Naming conventions¶
diepvries relies on naming conventions for tables and fields. This brings many advantages, such as a simple system to easily organize and filter hundreds of tables, and the ease of string manipulations to generate queries.
Tables¶
Hubs¶
Hubs are prefixed with h_
and are named after the entity they
represent: h_<entity>
. Conventionally, entity names are singular.
Role-playing hubs are implemented as views on top of the physical hub, and are suffixed with what they represent.
Links¶
Links are prefixed with l_
and are named after all the entities
they link: l_<entity_1>_<entity_2>...<entity_n>
.
The order of entities in a link depend on the level of detail. For a
1-N relationship, N comes first. In the example above, one order is
linked to one customer (but one customer can have multiple orders),
hence order
comes first. For 1-1 and N-M relationships, the first
entity is usually the main entity populated by a certain process.
Satellites¶
Hub satellites are prefixed with hs_
and are named after the hub
they link to, with an optional suffix: hs_<entity>[_suffix]
.
Using suffix
is a recommended practice, for traceability purposes,
as well as for distinguishing multiple satellites linked to the same
hub.
Link satellites are prefixed with ls_
and are named after the link
they link to, with an optional suffix:
ls_<entity_1>_<entity_2>...<entity_n>[_suffix]
.
The same suffix recommendations apply for hub and link satellites.

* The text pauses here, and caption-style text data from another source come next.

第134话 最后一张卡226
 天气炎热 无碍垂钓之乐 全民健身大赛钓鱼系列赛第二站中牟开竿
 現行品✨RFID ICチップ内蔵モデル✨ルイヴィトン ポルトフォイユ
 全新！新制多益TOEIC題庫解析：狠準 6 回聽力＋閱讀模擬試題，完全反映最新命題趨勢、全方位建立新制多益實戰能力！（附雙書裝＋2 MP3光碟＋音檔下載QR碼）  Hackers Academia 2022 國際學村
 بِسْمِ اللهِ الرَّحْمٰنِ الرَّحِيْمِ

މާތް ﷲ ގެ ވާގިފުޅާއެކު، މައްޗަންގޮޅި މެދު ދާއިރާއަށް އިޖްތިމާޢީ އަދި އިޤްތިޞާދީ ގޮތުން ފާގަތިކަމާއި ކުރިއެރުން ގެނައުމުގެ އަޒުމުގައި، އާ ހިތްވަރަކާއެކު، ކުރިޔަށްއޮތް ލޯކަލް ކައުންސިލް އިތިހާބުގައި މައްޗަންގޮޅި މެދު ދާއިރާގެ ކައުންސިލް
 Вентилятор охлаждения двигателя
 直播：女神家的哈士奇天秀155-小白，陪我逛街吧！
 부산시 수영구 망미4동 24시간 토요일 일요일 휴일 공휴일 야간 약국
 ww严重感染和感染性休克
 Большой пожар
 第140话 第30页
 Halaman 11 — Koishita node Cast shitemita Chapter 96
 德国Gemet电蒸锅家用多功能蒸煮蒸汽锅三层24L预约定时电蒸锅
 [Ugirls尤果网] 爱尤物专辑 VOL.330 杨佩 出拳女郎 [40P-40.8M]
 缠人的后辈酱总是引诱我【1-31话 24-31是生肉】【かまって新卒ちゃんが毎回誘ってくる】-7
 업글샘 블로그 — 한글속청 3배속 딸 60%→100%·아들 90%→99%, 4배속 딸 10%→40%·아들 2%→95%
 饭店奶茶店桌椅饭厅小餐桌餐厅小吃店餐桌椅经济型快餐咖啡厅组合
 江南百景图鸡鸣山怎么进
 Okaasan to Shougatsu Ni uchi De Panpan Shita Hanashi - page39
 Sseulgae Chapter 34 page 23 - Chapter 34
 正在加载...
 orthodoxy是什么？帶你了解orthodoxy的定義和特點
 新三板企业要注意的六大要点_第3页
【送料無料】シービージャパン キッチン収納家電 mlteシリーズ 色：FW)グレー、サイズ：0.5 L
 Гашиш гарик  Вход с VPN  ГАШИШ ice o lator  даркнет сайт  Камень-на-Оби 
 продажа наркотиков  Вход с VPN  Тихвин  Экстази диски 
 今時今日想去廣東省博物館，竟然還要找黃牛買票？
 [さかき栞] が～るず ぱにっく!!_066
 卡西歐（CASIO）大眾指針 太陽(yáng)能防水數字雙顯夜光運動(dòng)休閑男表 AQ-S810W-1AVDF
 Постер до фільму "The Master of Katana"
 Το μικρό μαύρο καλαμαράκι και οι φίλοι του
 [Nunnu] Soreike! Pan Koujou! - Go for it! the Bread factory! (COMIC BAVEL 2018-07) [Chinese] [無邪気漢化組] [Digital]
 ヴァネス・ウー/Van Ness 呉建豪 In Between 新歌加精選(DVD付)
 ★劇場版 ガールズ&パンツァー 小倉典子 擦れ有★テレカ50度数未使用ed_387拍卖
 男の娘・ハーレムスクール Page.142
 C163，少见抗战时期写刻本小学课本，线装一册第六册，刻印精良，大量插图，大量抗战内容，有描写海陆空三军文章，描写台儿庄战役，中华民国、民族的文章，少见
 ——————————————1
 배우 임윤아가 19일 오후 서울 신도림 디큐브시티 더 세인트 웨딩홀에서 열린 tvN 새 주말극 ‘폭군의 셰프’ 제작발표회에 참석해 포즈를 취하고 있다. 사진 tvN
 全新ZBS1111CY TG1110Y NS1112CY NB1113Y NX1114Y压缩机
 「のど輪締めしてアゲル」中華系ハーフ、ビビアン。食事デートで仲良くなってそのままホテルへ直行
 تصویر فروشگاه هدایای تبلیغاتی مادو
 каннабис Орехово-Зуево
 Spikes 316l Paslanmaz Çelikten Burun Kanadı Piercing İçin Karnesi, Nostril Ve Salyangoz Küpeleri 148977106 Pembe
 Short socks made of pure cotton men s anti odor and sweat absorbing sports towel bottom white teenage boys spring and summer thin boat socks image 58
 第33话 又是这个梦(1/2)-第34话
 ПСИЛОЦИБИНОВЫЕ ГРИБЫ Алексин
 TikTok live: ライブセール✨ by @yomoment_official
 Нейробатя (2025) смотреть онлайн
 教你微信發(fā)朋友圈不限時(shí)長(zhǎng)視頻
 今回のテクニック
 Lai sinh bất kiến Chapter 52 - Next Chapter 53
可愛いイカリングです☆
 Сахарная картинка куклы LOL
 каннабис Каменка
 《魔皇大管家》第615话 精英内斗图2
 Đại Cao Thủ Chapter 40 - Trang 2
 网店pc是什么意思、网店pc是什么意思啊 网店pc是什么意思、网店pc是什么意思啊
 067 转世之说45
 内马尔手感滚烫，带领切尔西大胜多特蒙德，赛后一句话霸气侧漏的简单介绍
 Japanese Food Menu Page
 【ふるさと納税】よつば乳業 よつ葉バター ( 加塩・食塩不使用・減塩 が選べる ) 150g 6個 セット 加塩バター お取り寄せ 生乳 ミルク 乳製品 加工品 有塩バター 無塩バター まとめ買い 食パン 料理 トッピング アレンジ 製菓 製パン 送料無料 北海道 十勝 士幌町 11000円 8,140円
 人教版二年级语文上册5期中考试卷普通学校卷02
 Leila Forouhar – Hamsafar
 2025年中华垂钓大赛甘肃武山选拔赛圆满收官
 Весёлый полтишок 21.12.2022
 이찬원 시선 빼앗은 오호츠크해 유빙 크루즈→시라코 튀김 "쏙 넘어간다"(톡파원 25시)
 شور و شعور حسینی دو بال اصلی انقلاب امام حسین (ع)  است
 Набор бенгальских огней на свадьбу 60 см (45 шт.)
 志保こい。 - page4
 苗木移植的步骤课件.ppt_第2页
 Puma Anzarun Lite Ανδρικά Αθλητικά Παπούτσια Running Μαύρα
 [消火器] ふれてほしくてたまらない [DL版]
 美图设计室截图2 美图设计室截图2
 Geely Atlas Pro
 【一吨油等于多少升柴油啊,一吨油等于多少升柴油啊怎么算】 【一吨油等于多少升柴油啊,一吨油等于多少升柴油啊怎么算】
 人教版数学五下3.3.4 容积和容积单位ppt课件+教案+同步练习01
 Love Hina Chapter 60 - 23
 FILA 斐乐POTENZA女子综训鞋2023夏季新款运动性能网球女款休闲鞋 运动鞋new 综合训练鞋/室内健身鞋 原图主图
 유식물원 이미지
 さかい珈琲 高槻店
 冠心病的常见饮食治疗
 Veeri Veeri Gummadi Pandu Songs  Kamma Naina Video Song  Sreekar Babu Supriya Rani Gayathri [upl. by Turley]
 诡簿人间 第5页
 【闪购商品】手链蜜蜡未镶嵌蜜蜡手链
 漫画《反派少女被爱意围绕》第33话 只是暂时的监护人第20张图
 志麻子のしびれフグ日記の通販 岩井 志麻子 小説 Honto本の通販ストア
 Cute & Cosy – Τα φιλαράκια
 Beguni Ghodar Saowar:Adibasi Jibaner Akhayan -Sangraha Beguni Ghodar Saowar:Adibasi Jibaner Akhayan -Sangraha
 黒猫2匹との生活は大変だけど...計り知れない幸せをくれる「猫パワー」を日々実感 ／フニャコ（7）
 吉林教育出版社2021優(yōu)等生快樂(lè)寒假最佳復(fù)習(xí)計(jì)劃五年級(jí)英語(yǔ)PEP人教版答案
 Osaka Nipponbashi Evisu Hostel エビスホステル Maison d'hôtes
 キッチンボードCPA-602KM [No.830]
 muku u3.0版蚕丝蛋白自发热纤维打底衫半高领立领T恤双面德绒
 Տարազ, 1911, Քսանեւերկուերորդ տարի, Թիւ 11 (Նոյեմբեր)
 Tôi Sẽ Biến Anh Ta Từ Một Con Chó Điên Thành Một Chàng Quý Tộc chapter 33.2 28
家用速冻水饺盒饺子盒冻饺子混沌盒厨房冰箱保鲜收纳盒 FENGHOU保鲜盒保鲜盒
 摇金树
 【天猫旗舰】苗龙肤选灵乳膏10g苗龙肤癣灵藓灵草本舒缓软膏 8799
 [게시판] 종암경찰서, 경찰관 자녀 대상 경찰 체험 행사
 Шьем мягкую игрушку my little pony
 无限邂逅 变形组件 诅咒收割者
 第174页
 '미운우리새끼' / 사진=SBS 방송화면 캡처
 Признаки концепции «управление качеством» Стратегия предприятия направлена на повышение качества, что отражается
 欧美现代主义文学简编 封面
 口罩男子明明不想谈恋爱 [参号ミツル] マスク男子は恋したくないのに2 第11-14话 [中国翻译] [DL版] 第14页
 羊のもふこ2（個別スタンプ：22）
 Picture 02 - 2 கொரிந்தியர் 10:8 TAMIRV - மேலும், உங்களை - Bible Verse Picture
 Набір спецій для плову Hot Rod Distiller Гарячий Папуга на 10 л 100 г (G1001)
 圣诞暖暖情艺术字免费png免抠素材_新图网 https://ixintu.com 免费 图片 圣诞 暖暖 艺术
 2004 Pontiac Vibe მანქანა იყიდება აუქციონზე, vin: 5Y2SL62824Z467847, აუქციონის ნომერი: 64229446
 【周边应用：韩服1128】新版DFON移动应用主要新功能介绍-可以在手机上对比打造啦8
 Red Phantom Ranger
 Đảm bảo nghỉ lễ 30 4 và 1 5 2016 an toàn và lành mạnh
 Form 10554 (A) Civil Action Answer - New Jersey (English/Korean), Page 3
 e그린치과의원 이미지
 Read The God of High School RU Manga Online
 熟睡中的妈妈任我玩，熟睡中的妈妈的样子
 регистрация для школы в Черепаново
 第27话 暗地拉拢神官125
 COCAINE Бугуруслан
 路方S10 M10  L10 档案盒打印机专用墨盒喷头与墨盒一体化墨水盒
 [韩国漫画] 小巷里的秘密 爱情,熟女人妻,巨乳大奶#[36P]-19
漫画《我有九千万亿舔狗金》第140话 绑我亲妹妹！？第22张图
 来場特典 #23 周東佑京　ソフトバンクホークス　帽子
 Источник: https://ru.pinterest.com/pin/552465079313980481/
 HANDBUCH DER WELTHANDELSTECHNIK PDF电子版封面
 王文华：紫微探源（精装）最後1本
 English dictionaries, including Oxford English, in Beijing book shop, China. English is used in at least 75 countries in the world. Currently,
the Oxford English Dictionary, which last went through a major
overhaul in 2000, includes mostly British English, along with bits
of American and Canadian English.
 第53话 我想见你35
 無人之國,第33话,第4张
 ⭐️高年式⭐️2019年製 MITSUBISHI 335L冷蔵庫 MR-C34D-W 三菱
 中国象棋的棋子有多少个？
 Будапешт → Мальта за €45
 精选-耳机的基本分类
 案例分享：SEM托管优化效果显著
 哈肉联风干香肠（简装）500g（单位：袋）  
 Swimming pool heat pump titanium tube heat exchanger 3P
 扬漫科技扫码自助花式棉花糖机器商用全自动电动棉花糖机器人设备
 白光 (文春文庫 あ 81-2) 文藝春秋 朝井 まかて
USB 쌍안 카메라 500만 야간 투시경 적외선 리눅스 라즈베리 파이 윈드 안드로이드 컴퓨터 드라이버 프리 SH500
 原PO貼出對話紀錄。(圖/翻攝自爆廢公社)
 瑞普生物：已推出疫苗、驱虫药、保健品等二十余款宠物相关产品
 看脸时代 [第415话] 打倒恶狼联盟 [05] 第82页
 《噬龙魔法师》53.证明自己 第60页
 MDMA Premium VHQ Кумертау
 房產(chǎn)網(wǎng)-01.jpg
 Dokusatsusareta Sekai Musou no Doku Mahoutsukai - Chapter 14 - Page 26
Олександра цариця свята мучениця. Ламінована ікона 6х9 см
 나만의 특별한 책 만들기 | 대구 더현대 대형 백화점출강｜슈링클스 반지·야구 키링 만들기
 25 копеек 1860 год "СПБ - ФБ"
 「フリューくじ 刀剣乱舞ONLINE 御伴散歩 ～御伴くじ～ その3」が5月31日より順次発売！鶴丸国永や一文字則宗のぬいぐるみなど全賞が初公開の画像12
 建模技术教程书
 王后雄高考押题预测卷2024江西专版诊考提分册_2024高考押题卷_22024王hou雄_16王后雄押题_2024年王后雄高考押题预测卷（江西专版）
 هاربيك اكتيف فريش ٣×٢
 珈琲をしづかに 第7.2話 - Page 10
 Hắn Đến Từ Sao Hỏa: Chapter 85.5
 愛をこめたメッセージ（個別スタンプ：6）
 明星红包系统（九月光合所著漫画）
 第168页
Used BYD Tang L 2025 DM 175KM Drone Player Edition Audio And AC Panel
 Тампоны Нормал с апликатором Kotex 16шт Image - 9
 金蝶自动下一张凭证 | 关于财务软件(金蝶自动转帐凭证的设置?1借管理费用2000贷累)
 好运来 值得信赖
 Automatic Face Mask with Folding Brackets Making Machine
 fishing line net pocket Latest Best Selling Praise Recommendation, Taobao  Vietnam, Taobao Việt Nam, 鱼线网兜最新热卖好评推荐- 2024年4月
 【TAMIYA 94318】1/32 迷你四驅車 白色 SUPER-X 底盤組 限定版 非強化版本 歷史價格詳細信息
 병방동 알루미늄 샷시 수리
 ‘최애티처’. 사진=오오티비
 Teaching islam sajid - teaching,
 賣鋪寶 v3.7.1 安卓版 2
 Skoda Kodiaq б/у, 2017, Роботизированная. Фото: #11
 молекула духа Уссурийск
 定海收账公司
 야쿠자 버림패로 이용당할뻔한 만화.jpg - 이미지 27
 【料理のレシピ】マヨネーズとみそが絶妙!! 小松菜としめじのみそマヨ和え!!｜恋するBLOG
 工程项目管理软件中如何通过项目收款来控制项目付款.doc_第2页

Finally, effectivity satellites are suffixed with _eff
.
Fields¶
Fields also follow naming conventions. Moreover, they are always ordered in the same way: hashkeys, business keys, child keys, metadata fields, descriptive fields.
Hashkeys¶
The hashkey of an entity is named after the table, and suffixed with
_hashkey
: <table_name>_hashkey
.
Links and satellites reference hashkeys from different parent entities (as foreign keys), sharing the same hashkey name.
Business keys¶
The business key of an entity is named after the entity, and suffixed
with _id
: <entity>_id
.
In the case of multiple business keys for a single entity, additional
words should be used: <entity>_<business_key_name>_id
.
Child keys¶
The child keys of an entity are named after their field names, and
prefixed with ck_
: ck_<field_name>
.
Child keys are optional.
Metadata fields¶
Multiple metadata fields are in use for various Data Vault
entities. They are all prefixed with r_
, except for
s_hashdiff
, which is a bit special.
r_timestamp
: Used in every entity, it represents the record creation timestamp.r_timestamp_end
: Used in satellites, it represents the record end of validity timestamp.r_source
: Used in every entity, it stores the source of the record, i.e. from where it was captured.s_hashdiff
: Used in satellites, it stores the hashdiff of the record.
Descriptive fields¶
Descriptive fields are all the other fields. Their names should be the same as the source field names, except if a name conflicts with an SQL reserved keyword, or one of the fields described above.